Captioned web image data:
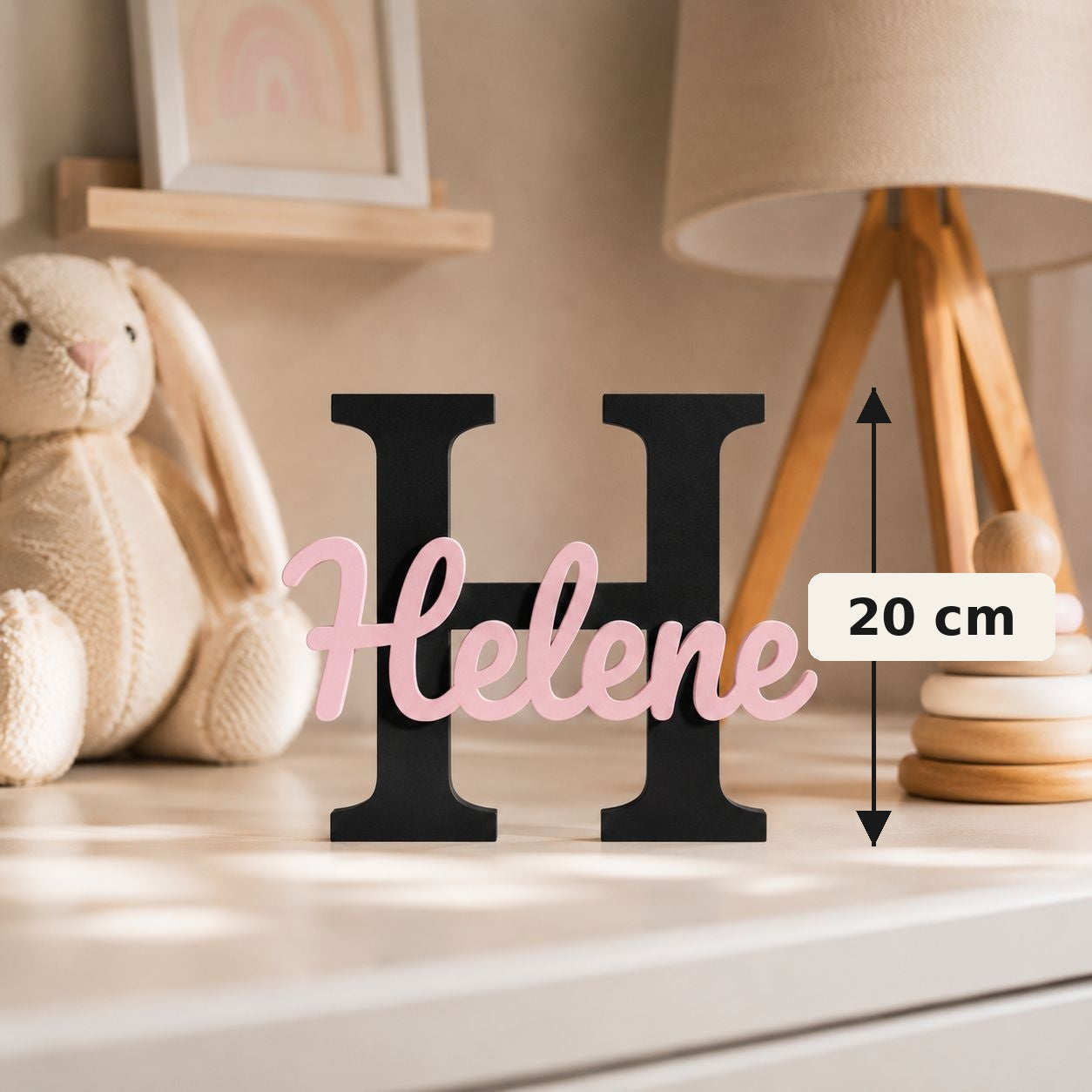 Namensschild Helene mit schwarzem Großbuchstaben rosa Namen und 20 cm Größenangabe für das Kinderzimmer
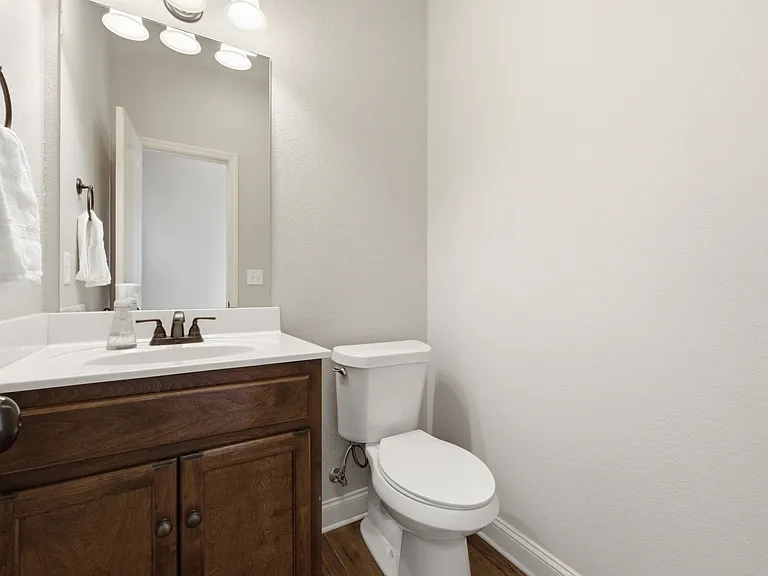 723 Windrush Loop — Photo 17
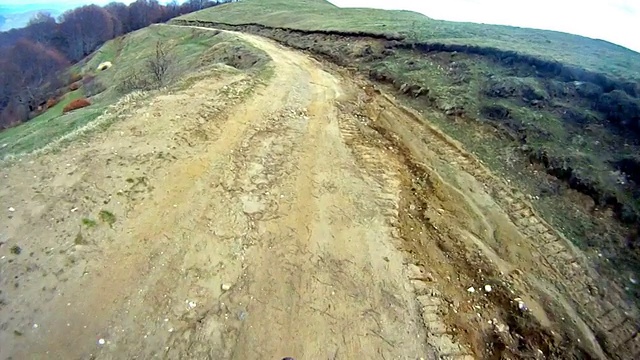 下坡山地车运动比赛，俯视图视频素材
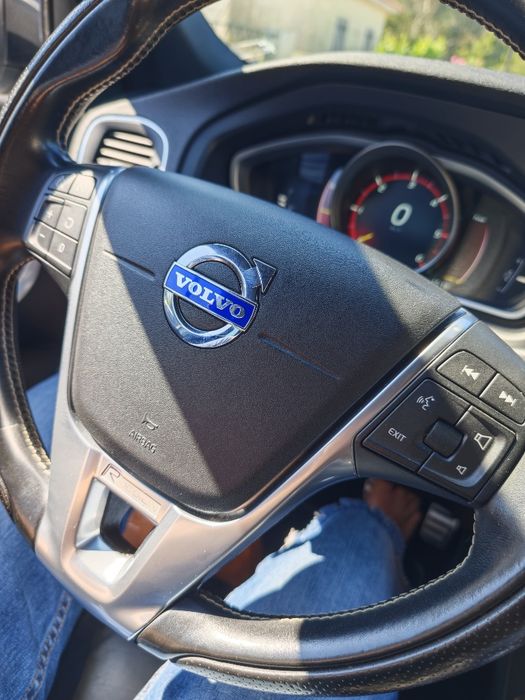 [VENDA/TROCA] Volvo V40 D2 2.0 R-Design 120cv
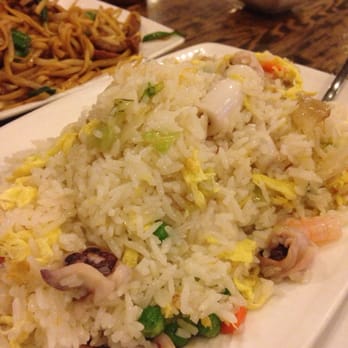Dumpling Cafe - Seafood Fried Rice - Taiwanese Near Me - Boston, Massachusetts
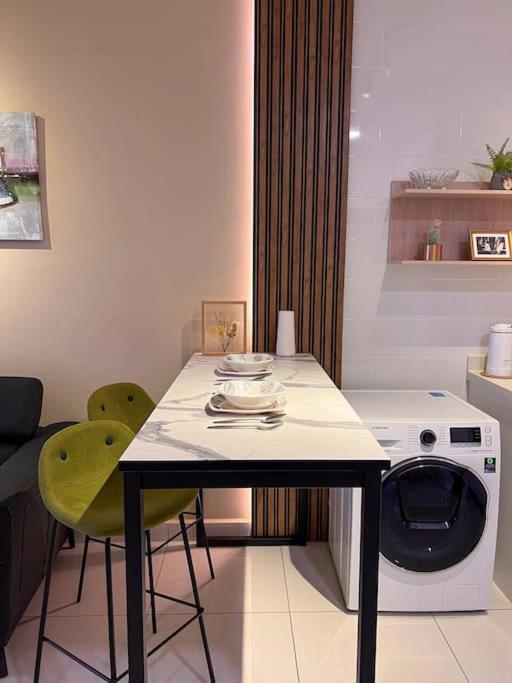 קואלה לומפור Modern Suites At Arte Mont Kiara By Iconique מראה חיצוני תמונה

*Exercise*:
Each entry is to be transcribed verbatim, and any picture in it is to be skipped.

*Written solution*:
 Namensschild Helene mit schwarzem Großbuchstaben rosa Namen und 20 cm Größenangabe für das Kinderzimmer
 723 Windrush Loop — Photo 17
 下坡山地车运动比赛，俯视图视频素材
 [VENDA/TROCA] Volvo V40 D2 2.0 R-Design 120cv
Dumpling Cafe - Seafood Fried Rice - Taiwanese Near Me - Boston, Massachusetts
 קואלה לומפור Modern Suites At Arte Mont Kiara By Iconique מראה חיצוני תמונה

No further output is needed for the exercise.